= Records for the exercise =
=== Section Start ===
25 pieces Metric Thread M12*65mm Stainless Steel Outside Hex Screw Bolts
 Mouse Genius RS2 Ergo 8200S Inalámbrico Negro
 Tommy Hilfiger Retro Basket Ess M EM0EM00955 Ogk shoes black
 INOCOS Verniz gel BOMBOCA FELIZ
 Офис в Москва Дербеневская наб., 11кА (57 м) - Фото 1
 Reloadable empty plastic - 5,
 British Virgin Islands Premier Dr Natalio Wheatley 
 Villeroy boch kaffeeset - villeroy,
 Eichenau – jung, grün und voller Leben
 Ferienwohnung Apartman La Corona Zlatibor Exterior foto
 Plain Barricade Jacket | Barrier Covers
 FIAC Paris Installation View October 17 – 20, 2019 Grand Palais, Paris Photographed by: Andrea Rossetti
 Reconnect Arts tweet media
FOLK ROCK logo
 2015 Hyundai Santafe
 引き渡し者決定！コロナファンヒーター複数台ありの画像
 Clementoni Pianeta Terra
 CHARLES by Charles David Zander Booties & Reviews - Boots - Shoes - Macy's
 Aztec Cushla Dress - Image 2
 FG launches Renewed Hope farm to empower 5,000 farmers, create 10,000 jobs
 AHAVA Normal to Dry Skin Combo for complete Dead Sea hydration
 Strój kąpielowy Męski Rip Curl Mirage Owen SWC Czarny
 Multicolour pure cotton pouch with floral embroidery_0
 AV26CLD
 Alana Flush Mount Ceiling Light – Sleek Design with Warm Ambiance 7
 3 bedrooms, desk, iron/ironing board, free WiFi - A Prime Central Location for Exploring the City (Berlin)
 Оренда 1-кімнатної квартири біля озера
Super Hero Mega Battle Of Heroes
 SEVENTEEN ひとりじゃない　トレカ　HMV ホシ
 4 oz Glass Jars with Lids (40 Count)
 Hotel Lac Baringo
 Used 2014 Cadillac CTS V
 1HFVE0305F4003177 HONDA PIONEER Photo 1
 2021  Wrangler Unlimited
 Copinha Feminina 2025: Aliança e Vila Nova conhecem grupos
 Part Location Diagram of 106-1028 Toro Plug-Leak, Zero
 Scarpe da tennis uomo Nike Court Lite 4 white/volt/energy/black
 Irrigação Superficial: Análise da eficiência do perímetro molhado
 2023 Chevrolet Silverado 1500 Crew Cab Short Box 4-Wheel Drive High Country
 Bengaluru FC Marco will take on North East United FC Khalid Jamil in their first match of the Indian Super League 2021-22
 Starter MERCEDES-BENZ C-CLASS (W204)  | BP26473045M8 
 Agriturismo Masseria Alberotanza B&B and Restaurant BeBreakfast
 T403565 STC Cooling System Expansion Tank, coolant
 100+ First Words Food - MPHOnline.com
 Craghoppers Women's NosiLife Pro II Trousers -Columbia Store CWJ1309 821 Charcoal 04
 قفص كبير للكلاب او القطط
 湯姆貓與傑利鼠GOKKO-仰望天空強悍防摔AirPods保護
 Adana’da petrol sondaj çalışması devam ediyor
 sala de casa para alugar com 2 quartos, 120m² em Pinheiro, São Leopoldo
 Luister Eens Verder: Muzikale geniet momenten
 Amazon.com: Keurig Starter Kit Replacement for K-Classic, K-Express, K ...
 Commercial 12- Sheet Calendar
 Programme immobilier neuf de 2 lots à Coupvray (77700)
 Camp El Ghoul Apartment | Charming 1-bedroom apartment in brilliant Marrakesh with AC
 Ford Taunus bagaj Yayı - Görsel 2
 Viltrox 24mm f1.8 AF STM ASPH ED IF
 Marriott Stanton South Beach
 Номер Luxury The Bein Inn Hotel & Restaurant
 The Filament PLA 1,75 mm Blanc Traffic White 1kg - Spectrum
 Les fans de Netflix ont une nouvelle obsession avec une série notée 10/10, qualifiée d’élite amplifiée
=== Section End ===
= What you are asked to do =
Reproduce the records above exactly, starting with the line that contains "100+ First Words Food - MPHOnline.com" and ending with the last line.

= Task answer =
 100+ First Words Food - MPHOnline.com
 Craghoppers Women's NosiLife Pro II Trousers -Columbia Store CWJ1309 821 Charcoal 04
 قفص كبير للكلاب او القطط
 湯姆貓與傑利鼠GOKKO-仰望天空強悍防摔AirPods保護
 Adana’da petrol sondaj çalışması devam ediyor
 sala de casa para alugar com 2 quartos, 120m² em Pinheiro, São Leopoldo
 Luister Eens Verder: Muzikale geniet momenten
 Amazon.com: Keurig Starter Kit Replacement for K-Classic, K-Express, K ...
 Commercial 12- Sheet Calendar
 Programme immobilier neuf de 2 lots à Coupvray (77700)
 Camp El Ghoul Apartment | Charming 1-bedroom apartment in brilliant Marrakesh with AC
 Ford Taunus bagaj Yayı - Görsel 2
 Viltrox 24mm f1.8 AF STM ASPH ED IF
 Marriott Stanton South Beach
 Номер Luxury The Bein Inn Hotel & Restaurant
 The Filament PLA 1,75 mm Blanc Traffic White 1kg - Spectrum
 Les fans de Netflix ont une nouvelle obsession avec une série notée 10/10, qualifiée d’élite amplifiée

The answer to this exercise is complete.